“Il malato immaginario” di Gabriele Lavia
Grande successo per l’opera molieriana diretta e interpretata dal grande maestro della scena
La stagione di prosa del Teatro Stabile dell’Umbria ha proposto per il primo febbraio al Politeama Clarici di Foligno un testo del teatro classico. Scritto da Molière nel 1673, “Il malato immaginario”, diretto e interpretato da un maestro della scena del calibro di Gabriele Lavia, è la nuova coproduzione del Teatro Stabile dell’Umbria con la Compagnia Lavia Anagni. Dopo la felice esperienza con “L’avaro”, premio come migliore spettacolo agli Olimpici del Teatro del 2004, Lavia torna a rileggere con arte e raffinatezza un altro testo simbolo della produzione di Molière, conferendogli accenti e tratti nuovi grazie ad una insuperabile forza espressiva e di analisi. In uno spazio scarno e fuori dal tempo, creato da Alessandro Camera, si muove un ipocondriaco Lavia-Argante, che alterna la sua vita tra un letto e una salle de bains, dove il malato vive l’incubo di un male senza nome.

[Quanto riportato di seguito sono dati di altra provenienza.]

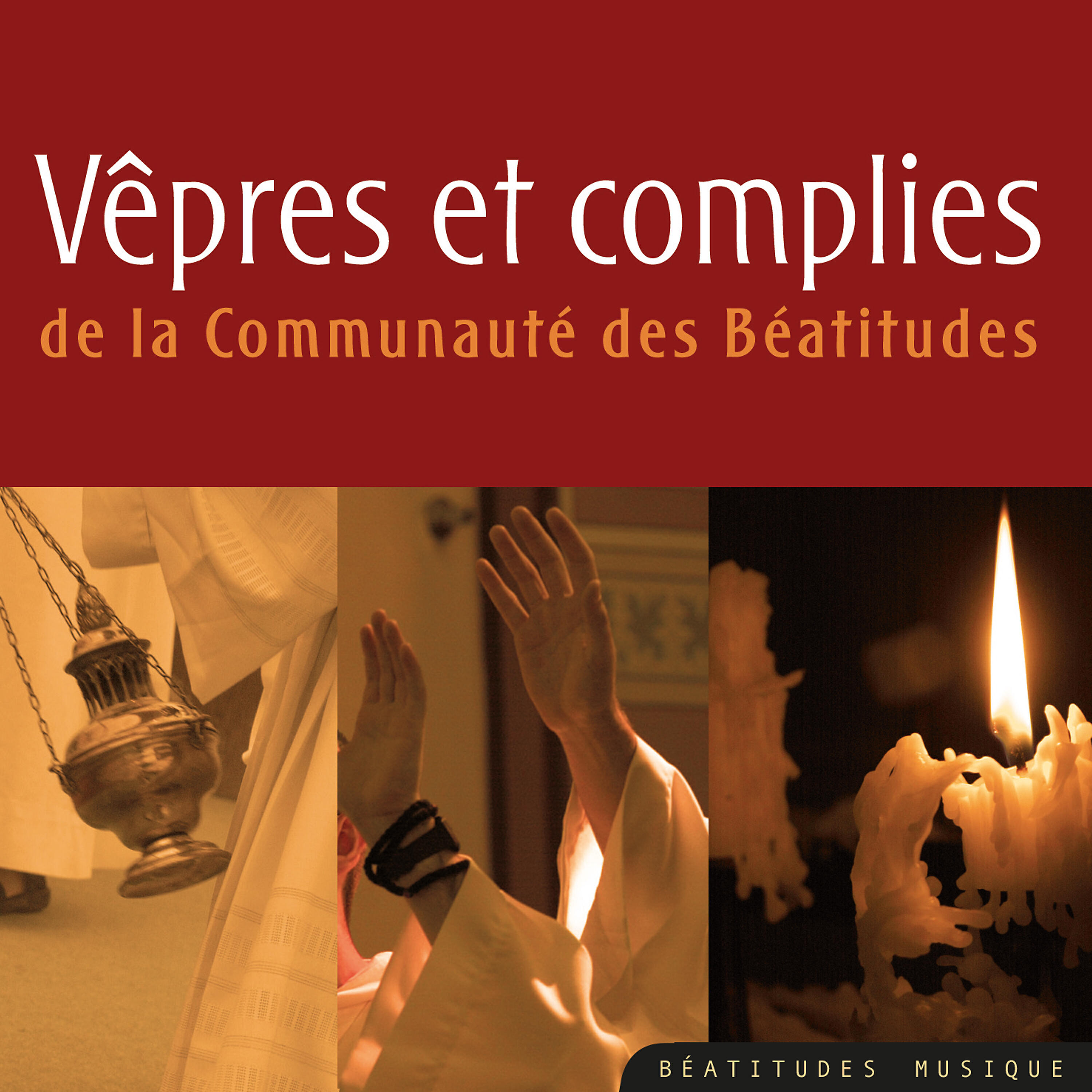 Релиз Vêpres et complies de la Communauté des Béatitudes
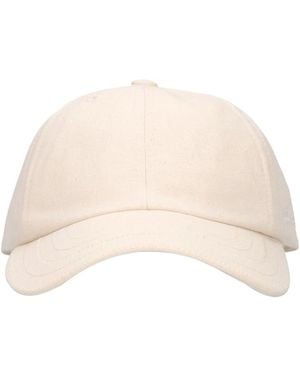 Jacquemus Cappello da baseball La Casquette Porte - Neutro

Sul palco insieme ad Argante si alternano la bella figlia (Lucia Lavia, per la prima volta in scena accanto al padre) segretamente innamorata di Cleante (Andrea Macaluso) e promessa in sposa dal padre ad un giovane medico (Michele Demaria), una moglie avida (Giulia Galiani), un gruppo di grotteschi ed infidi dottori (Pietro Biondi, Mauro Mandolini, Vittorio Vannutelli), un fratello saggio (Gianni De Lellis), il notaio (Giorgio Crisafi) e una serva fedele e astuta (Barbara Begala), che attraverso i meccanismi della commedia classica finiranno per trascinare Argante in una fitta trama di inganni, equivoci, burle e finzioni.
“Il malato immaginario” diventa per Lavia una metafora dell’uomo di fronte al potere, rappresentato dagli inquietanti medici. Spiega Lavia: “Da molti anni avevo intenzione di fare “Il malato immaginario” e tutte le volte che ci pensavo mi tornava alla mente il “Malone muore” di Beckett, che, in fondo, racconta più o meno la stessa storia: quest’uomo solo che ormai vive circondato da fantasmi”. E sono proprio del “Malone muore” i brani che Argante ascolta attraverso un registratore. Interessanti i momenti di metateatralità, come l’invettiva che Argante pronuncia nei confronti di Molière definendolo un maleducato, poiché osa mettere in scena una storia come quella. Epilogo di carriera e di vita del grande drammaturgo francese, “Il malato immaginario” è l’opera che conclude la sua produzione. Il 17 febbraio del 1673 infatti Molière, che interpretava Argante, portò a termine la rappresentazione nonostante il grave stato di salute, morendo poche ore dopo.